If you haven't tried his software before I urge you to do it, it's quite aweosme:

http://remi.coulom.free.fr/CLOP/

Some changes in this version as well:

2011-11-05: 0.0.9
  • Stronger regularization (avoid overfitting in high dimensions)
  • "Merge Replications" option in gui -> faster, better display
  • Performance optimization of display and loading of large data files
  • Removed "-ansi" option for Windows compilation
  • Shrinking parameter ranges does not lose integer data any more
  • Removed confusing columns: max-1, max-2, ...
  • More explanations in the doc: biased win rate + GammaParameter

Link to the release post here.

[Info] The results are in

So I've run the mobility tuning overnight, with more than 10,000 games (probably too little for extreme accuracy, but good enough for me).

All of the four parameters (mentioned in my last post) started to zone in on the values very well. For example the first parameter looks like this:


The mean value was -370 which can clearly be seen in the plot.
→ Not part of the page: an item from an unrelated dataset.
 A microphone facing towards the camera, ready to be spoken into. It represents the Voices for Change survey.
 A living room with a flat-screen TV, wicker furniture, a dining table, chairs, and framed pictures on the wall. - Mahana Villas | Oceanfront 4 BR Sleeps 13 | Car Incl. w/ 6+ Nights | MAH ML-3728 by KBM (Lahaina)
So on to all of the results and some comparisons (sanity checks I guess). These were the resulting values (meaning of these explained in my last post):

  • MOBILITY_SAFE_MULTI = -370

  • MOBILITY_UNSAFE_MULTI = 783

  • MOBILITY_ONE_TRAPPED_MULTI = 767

  • MOBILITY_ZERO_TRAPPED_MULTI = 1343


I'll do four different examples.

  1. Average piece - a piece with 4 safe squares and 1 unsafe

  2. Good piece - a piece with 12 safe squares and 3 unsafe

  3. Bad piece - a piece on the fourth rank with 1 safe square and 1 unsafe

  4. Trapped piece - a piece on the fourth rank with 0 safe squares and 1 unsafe


So comparisons (using the examples above):

  1. 4*2+5 = 13 (before tuning)
    -370*4/100+783*5/100 = 25 (after tuning)

  2. 12*2+15 = 39
    -370*12/100+783*15/100 = 73

  3. 1*2+1-4*5/2 = -7
    -370*1/100+783*2/100-767*4/100 = -18

  4. 0*2+1-4*5 = -19
    -370*0/100+783*1/100-1343*4/100 = -46


So very reasonable numbers, just a bit higher in all directions just as I suspected (always nice when you have a guess and testing confirms it).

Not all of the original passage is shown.